Saturday 22 March 2014

Begun Bahar.... Eggplants In Mustard Sauce & Yogurt Gravy.....!!!!
























To be very honest , I am not a very big fan of eggplants or brinjal. Though my husband loves it but he is little bit allergic to it and therefore I don't cook this vegetable very often at home.But the other day, after making Purna di's special "Tok Jhal Ilish" ( Hilsha in Hot and Sour Gravy) , I had little left over spices paste which I made for the Hilsha preparation. I didn't discard the paste and with that out of curiosity I made a simple eggplant dish. I named it my version of Begun Bahar or Eggplants in Mustard sauce and Yogurt Gravy.
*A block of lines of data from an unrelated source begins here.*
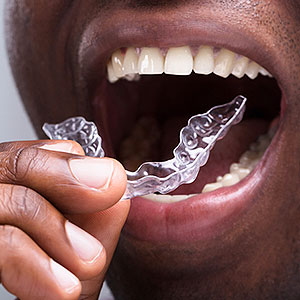 WearingaRetainerWillProtectYourNewSmileAfterBraces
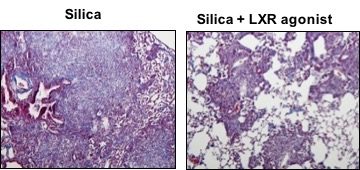 Treatment of mice with LXR agonist to enhance lipid synthesis, decreases ER stress and attenuates lung fibrosis in response to silica. project1 - Pulmonary Fibrosis is a metabolic disorder of the lung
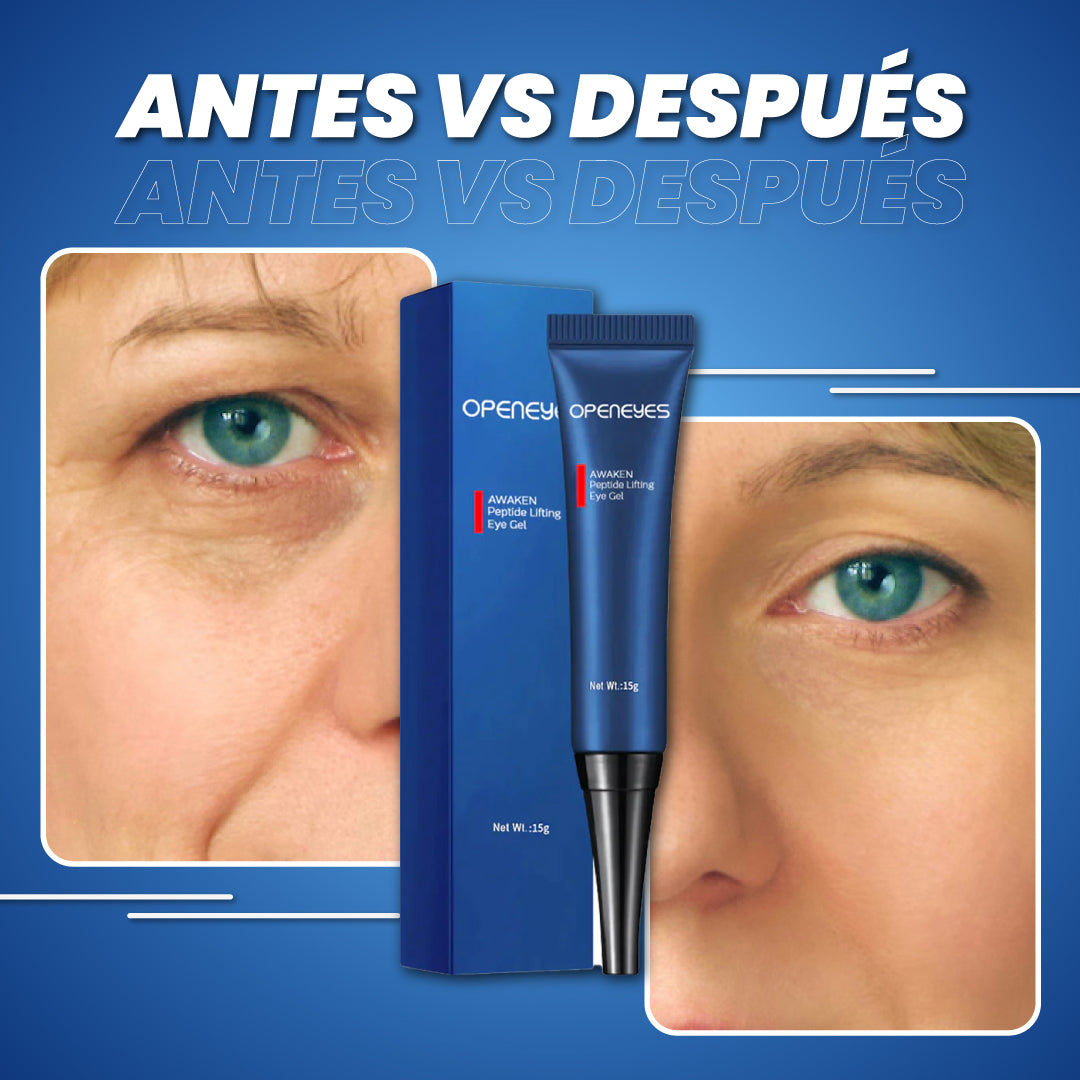 1+1 GRATIS | Crema anti ojeras y bolsas oscuras - Eyes Quit™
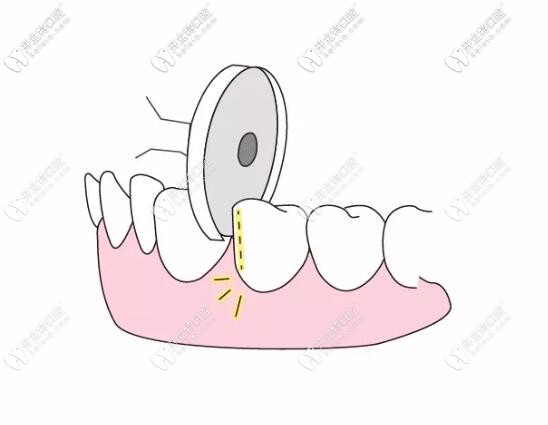 漲姿勢：片切和拔牙的利弊你真的清楚嗎？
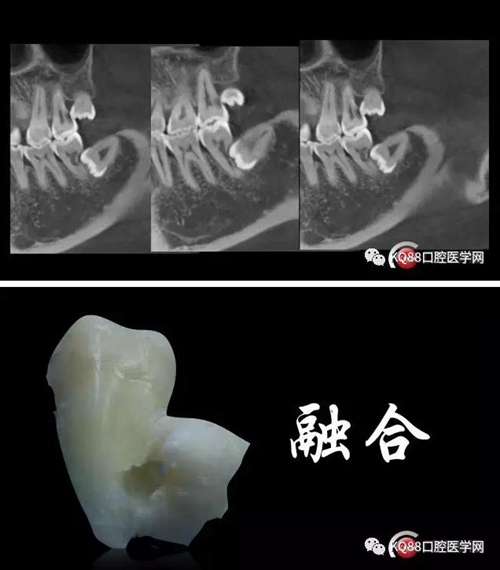 智齿拔除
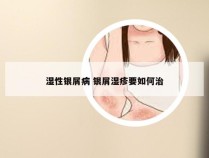 湿性银屑病 银屑湿疹要如何治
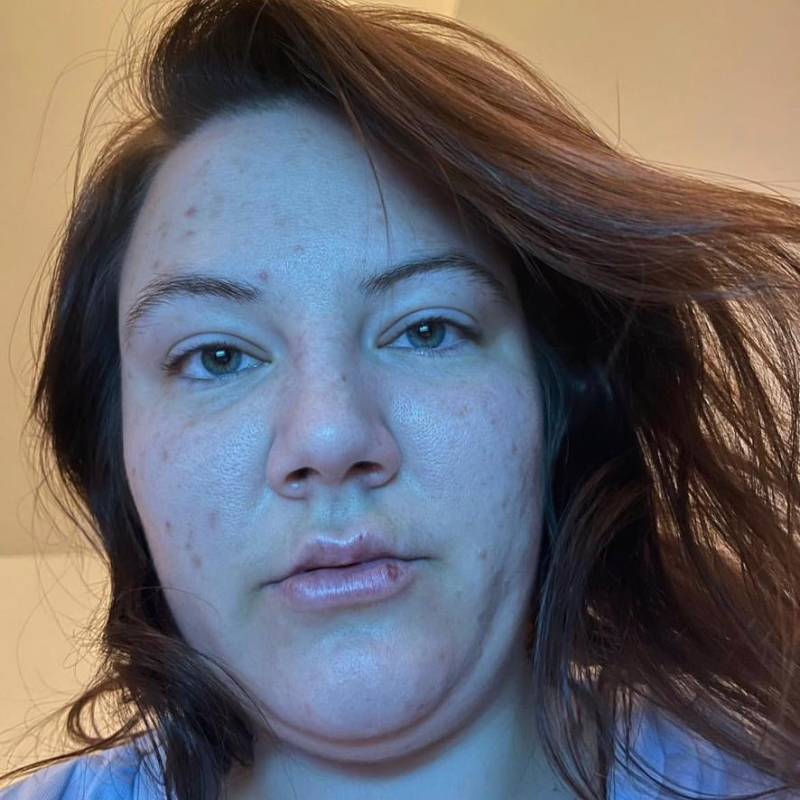 Melissa echo, 40, Arwal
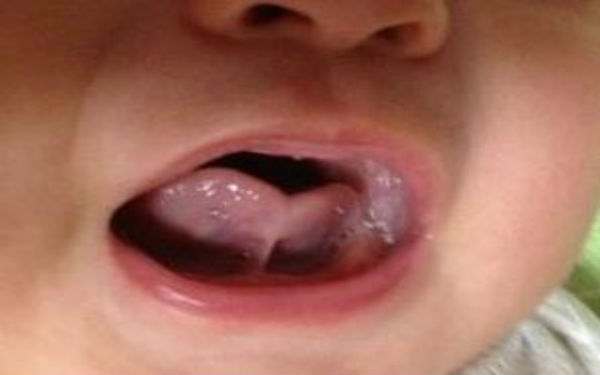 2023廣安光波祛雀斑top10強(qiáng)的醫(yī)生(朱鴷、蔣朝華、蔣朝華真實(shí)口碑橫評(píng)分享)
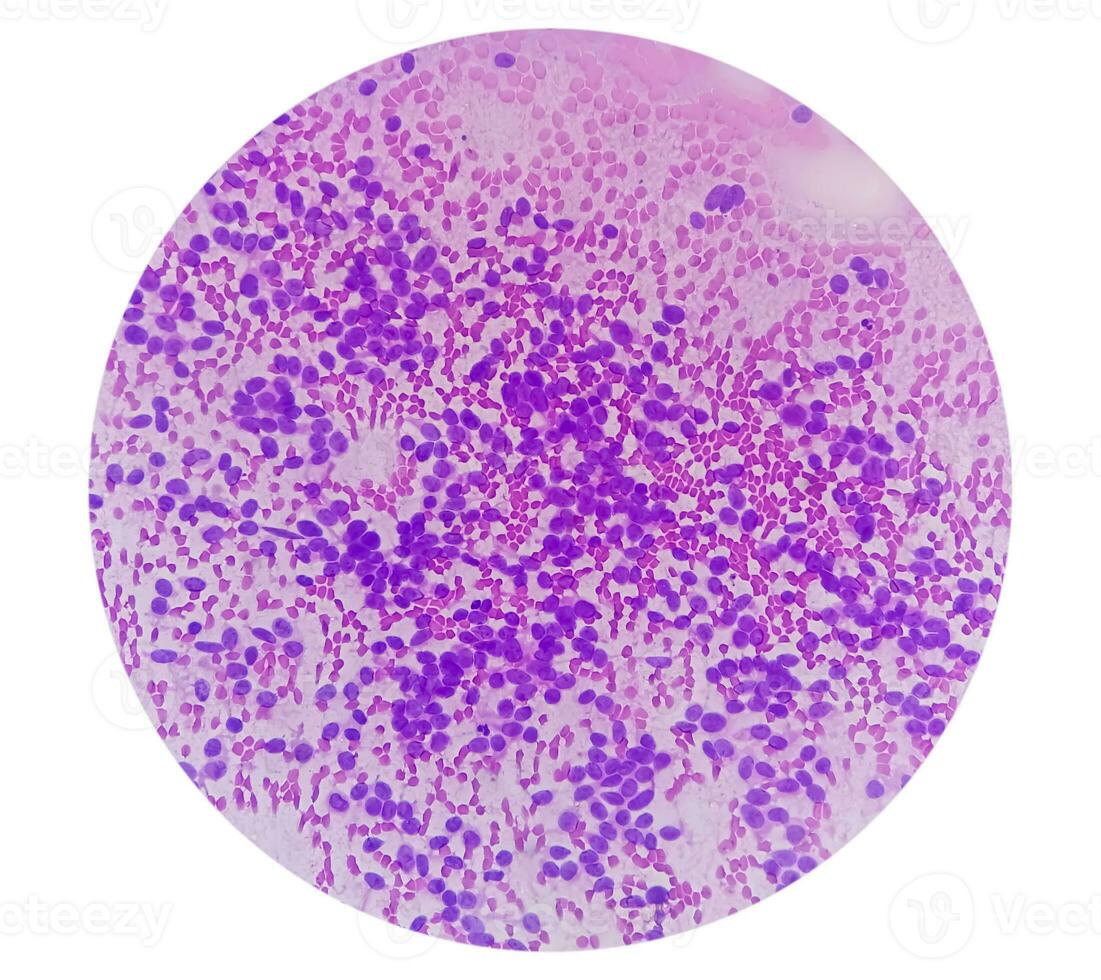 USG guided FNA cytology of liver SOL showing Non Hodgkin lymphoma. Metastatic carcinoma photo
It was really delicious . So, today I am going to share that simple recipe. 


Here it goes :

Ingredients:


  • Eggplants/Brinjal:4/5 ( Small Ones)
  • Mustard Seeds:11/2 tbsp.
  • Cumin Seeds:1 tsp.
  • Ginger:less than 1/2 inch.
  • Green Chili:2/3
  • Fresh Red Chili:2/3
  • Turmeric Powder:11/2 tsp.
  • Red Chili Powder: 1/2 tsp or as per your taste.
  • Salt:To taste
  • Mustard Oil:2 tbsp+1 tbsp.
  • Yogurt:3 tbsp.
  • Water:1 Cup (warm)



Process:





















  • At first soak the mustard seeds in little water for 30 minutes to 1 hour.
  • Then discard the water and with little fresh water make a smooth paste of the mustard seeds along with the cumin seeds, ginger ,green chili and 1/2 tsp of salt.
  • Now wash the egg plants and cut each of them length wise ,keeping the stem intact and  without making them half. Smear the eggplants with little salt and turmeric powder and keep them aside for 2/3 minutes.
  • Heat 2 tbsp of oil in a deep bottomed vessel and add the eggplants in to it and fry them carefully. Don't overfry or burn them. You may cover the vessel for few minutes while frying to make it quickly. Once the eggplants become soft and turn little blackish in color then it's done. Take them out of the vessel and keep on a tissue paper to absorb the excess oil.
  • Now discard the fried blackish oil and heat a table spoon of fresh oil into the vessel.
  • Meanwhile take a bowl and make a smooth paste of the prepared mustard seed paste and the yogurt. Whisk thoroughly to get a smooth batter. Add red chili powder, pinch of turmeric powder, salt into the batter and whisk.
  • Pour the batter into the hot oil. Stir well and add the slitted red chili and cook it for 3/4 minutes. After that pour the warm water into it.Once the gravy starts to boil add the fried eggplants into the gravy.Cover and cook for another few minutes until the gravy comes to your desired consistency.
  • Uncover and taste the seasoning. If little more salt is required, add it. 
  • Garnish with fresh coriander leaves and serve with steaming hot rice.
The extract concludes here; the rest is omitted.